(Entries taken from a collection)
◇ ◇ ◇ ◇ ◇

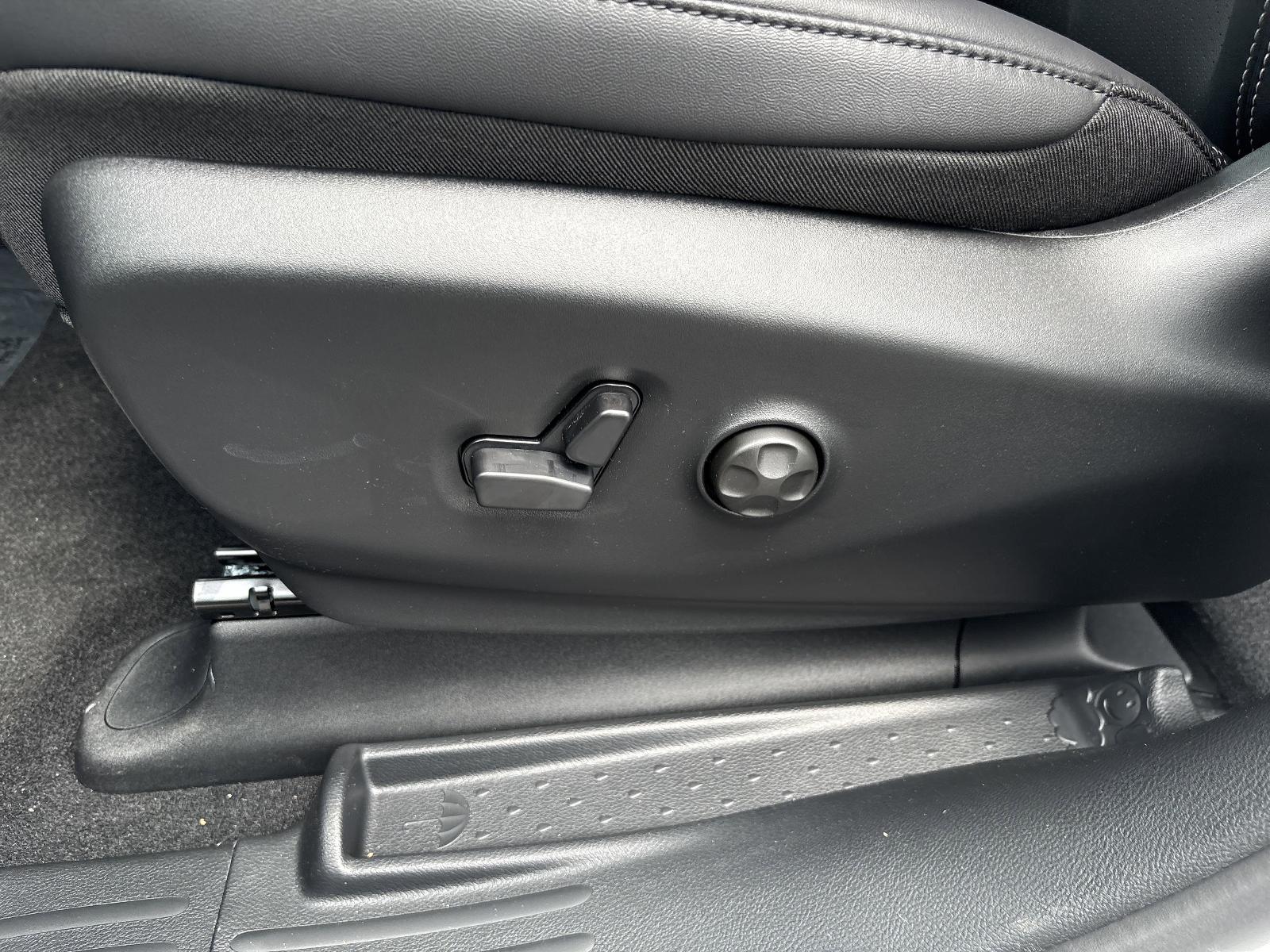 2025 Chrysler Voyager Vehicle Photo in Mechanicsburg, PA 17050-1707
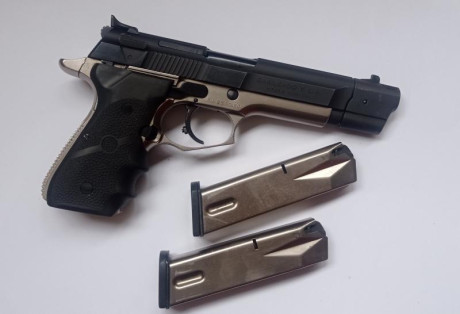 Pistola de 9mm. (Acero Español)
Cañón de 5" con freno de boca.
Dos cargadores y cachas de Neopreno.
Muy 00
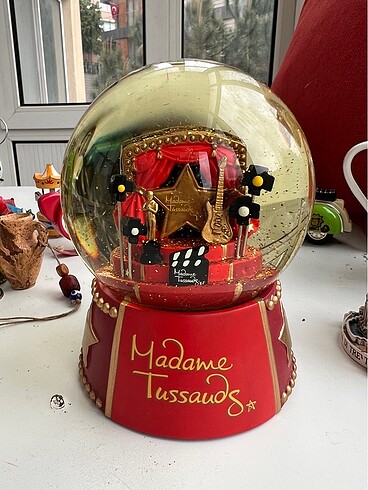 Kar Küresi - Madame Tussauds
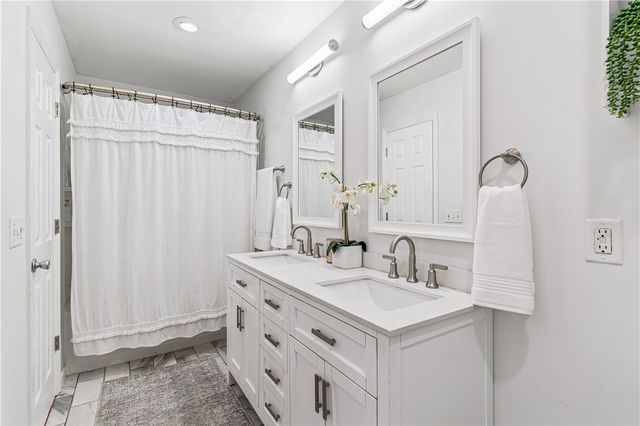 106 Cherry Tree Court, Kingsland, GA 31548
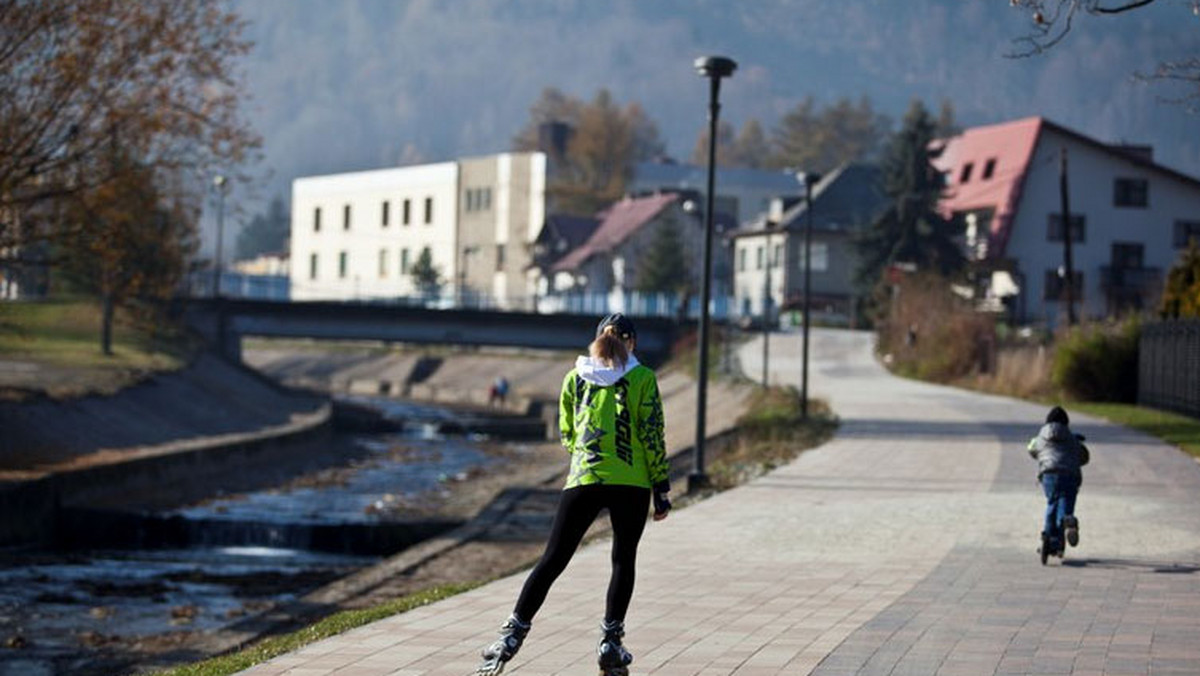 Woźnice ze Szczyrku protestowali w sobotę przeciwko decyzji burmistrza miasta, który zabronił ich pojazdom poruszania się wyremontowaną malowniczą ścieżką wzdłuż rzeki Żylicy. Samorządowiec odpowiada: to szlak rowerowo-spacerowy, a nie dla zaprzęgów.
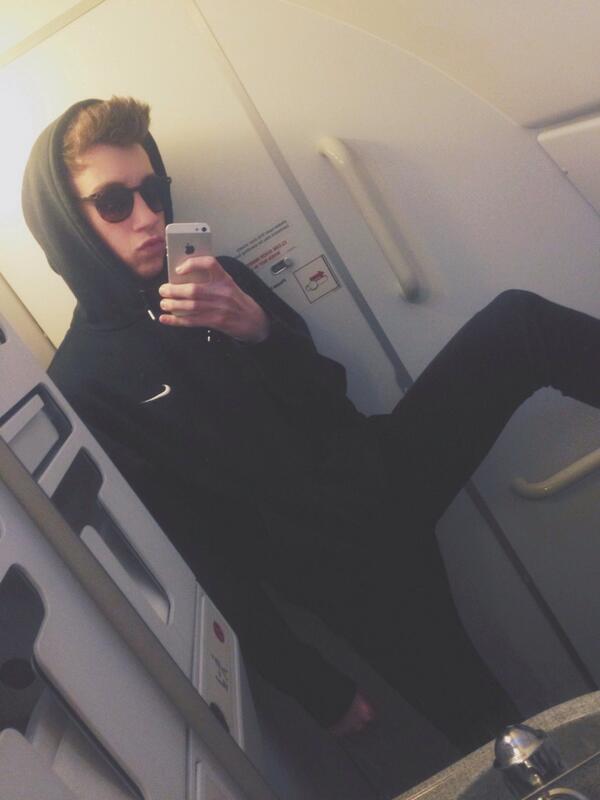 JackBaran's tweet photo. so bored http://t.co/TpTwGdQeKF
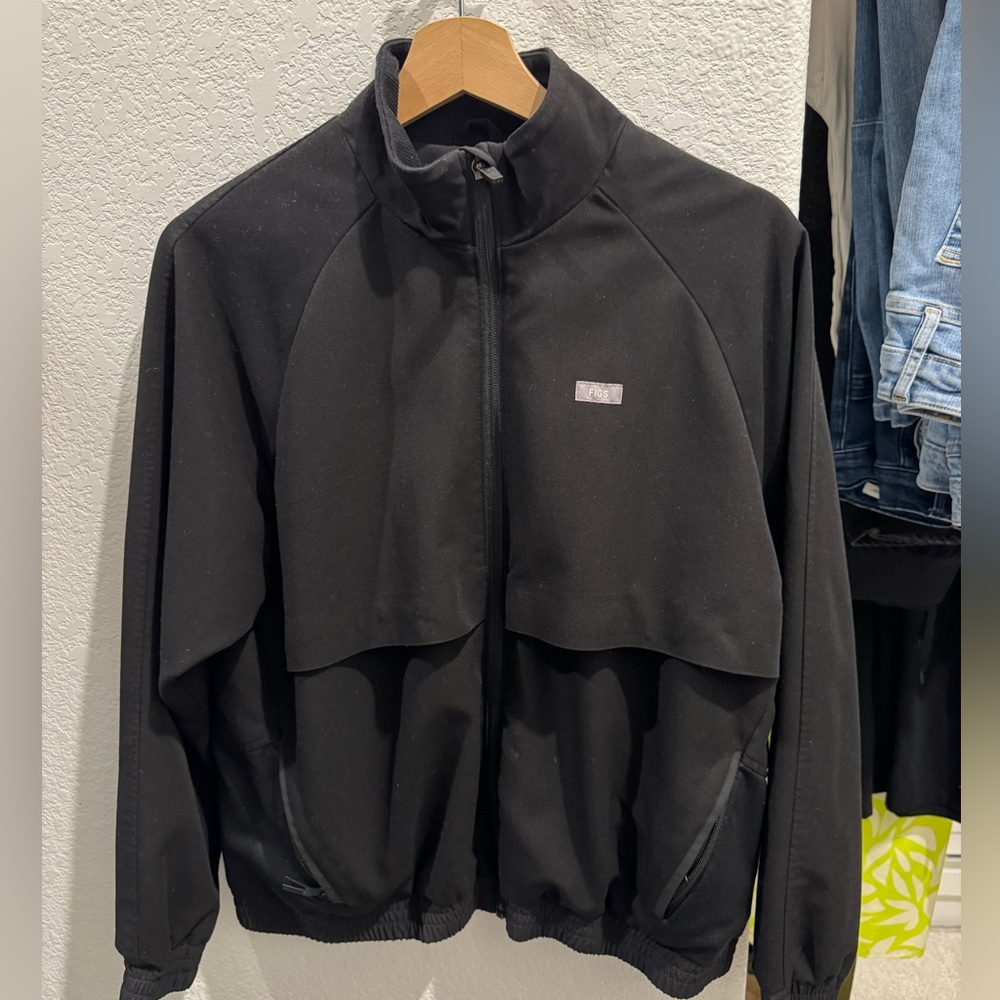 Figs Bomber Jacket in Black. Medium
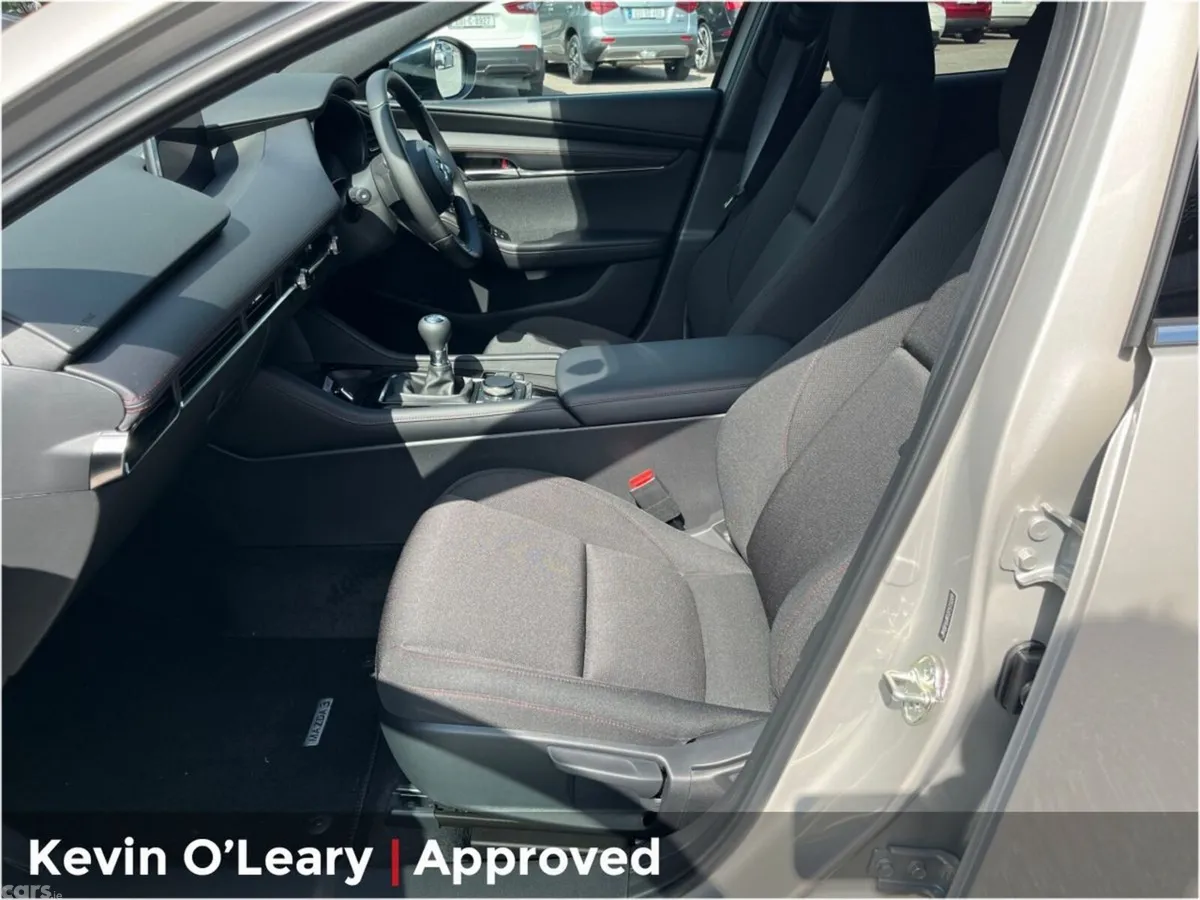 Mazda Mazda3 Hatchback, Petrol, 2025, White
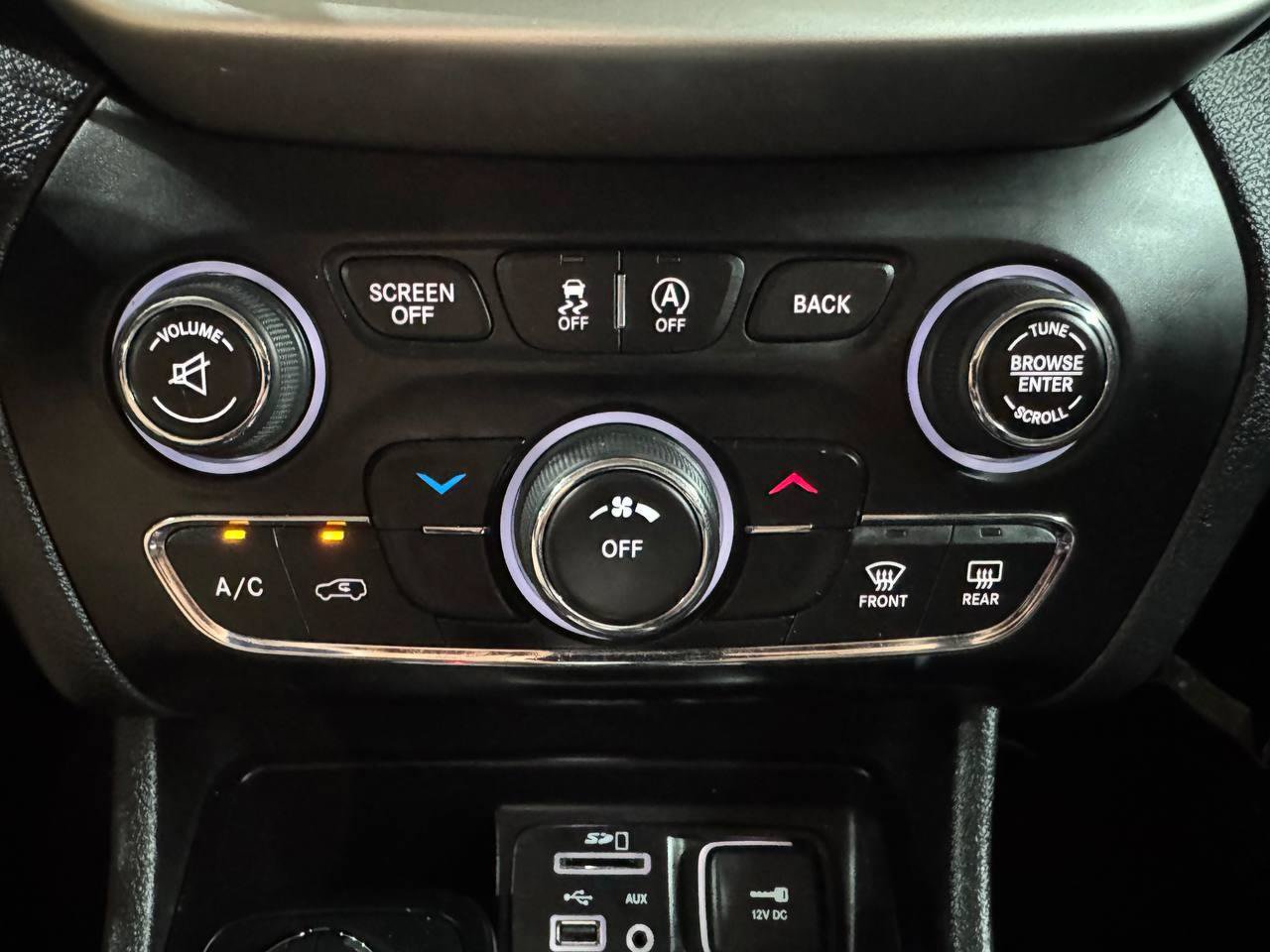 Used 2016 Jeep Cherokee Trailhawk w/ Leather Interior Group AWD/4WD image 25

◇ ◇ ◇ ◇ ◇

> [Instructions for the task]
What you write must match, line for line, the records from the line containing "Pistola de 9mm. (Acero Español)" through the last line, with every picture left out.

> [Output]
 Pistola de 9mm. (Acero Español)
Cañón de 5" con freno de boca.
Dos cargadores y cachas de Neopreno.
Muy 00
 Kar Küresi - Madame Tussauds
 106 Cherry Tree Court, Kingsland, GA 31548
 Woźnice ze Szczyrku protestowali w sobotę przeciwko decyzji burmistrza miasta, który zabronił ich pojazdom poruszania się wyremontowaną malowniczą ścieżką wzdłuż rzeki Żylicy. Samorządowiec odpowiada: to szlak rowerowo-spacerowy, a nie dla zaprzęgów.
 JackBaran's tweet photo. so bored http://t.co/TpTwGdQeKF
 Figs Bomber Jacket in Black. Medium
 Mazda Mazda3 Hatchback, Petrol, 2025, White
 Used 2016 Jeep Cherokee Trailhawk w/ Leather Interior Group AWD/4WD image 25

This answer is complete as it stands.